- **Stored data**:
______________________________

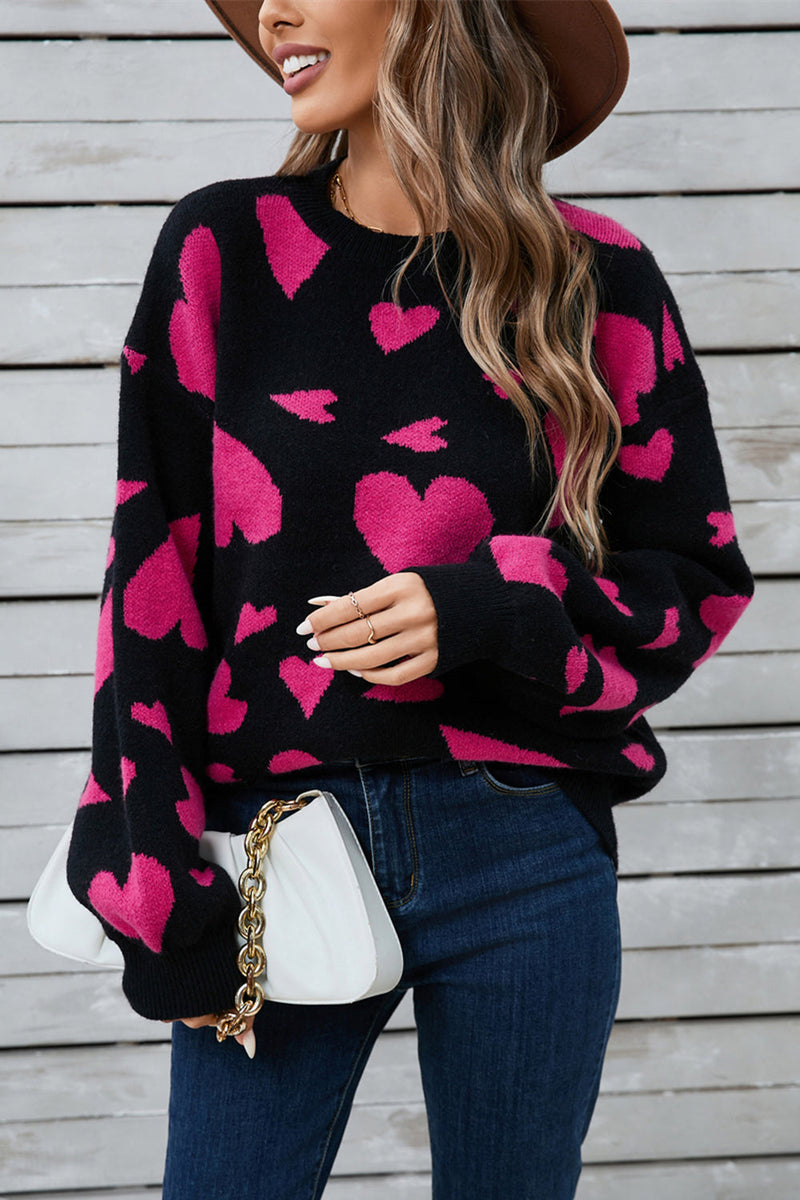 Angel Wings Heart Contrast Round Neck Long Sleeve Sweater Trandify Deal
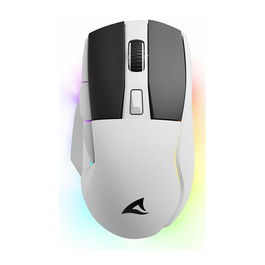 Sharkoon SGM50W - Ratón Óptico Inalámbrico RF + USB para Gaming, 6400 DPI, 6 Botones, Iluminación RGB, Blanco y Negro, Mano Derecha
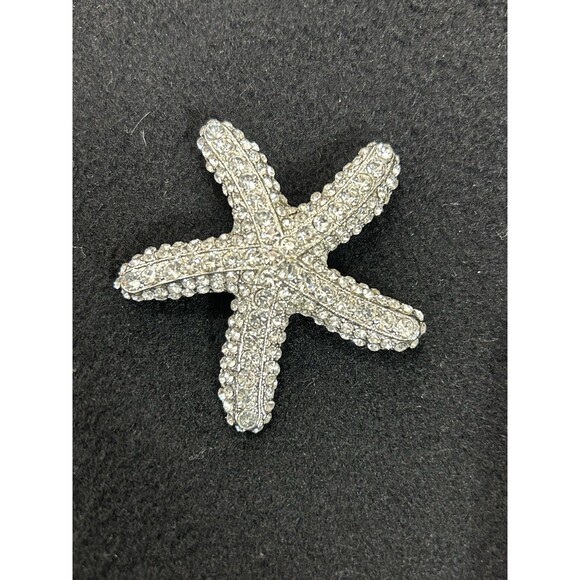 Starfish Pin Brooch Gorgeous Clear Rhinestone Crystal - Picture 2 of 5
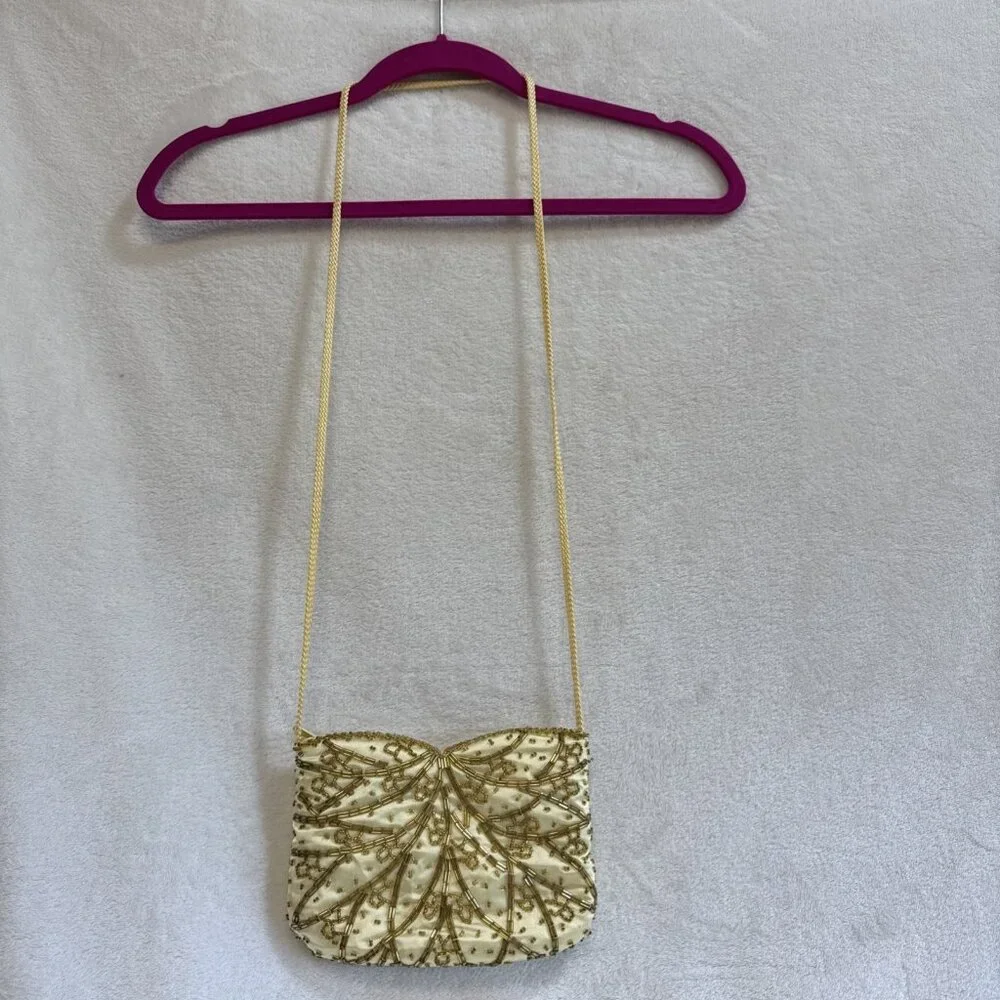 Vintage‎ Yellow Beaded Evening Bag Small Braided Crossbody Strap Elegant Prom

______________________________

- **What the task requires**:
Restate the data word for word, minus any images.

- **Exercise answer**:
 Angel Wings Heart Contrast Round Neck Long Sleeve Sweater Trandify Deal
 Sharkoon SGM50W - Ratón Óptico Inalámbrico RF + USB para Gaming, 6400 DPI, 6 Botones, Iluminación RGB, Blanco y Negro, Mano Derecha
 Starfish Pin Brooch Gorgeous Clear Rhinestone Crystal - Picture 2 of 5
 Vintage‎ Yellow Beaded Evening Bag Small Braided Crossbody Strap Elegant Prom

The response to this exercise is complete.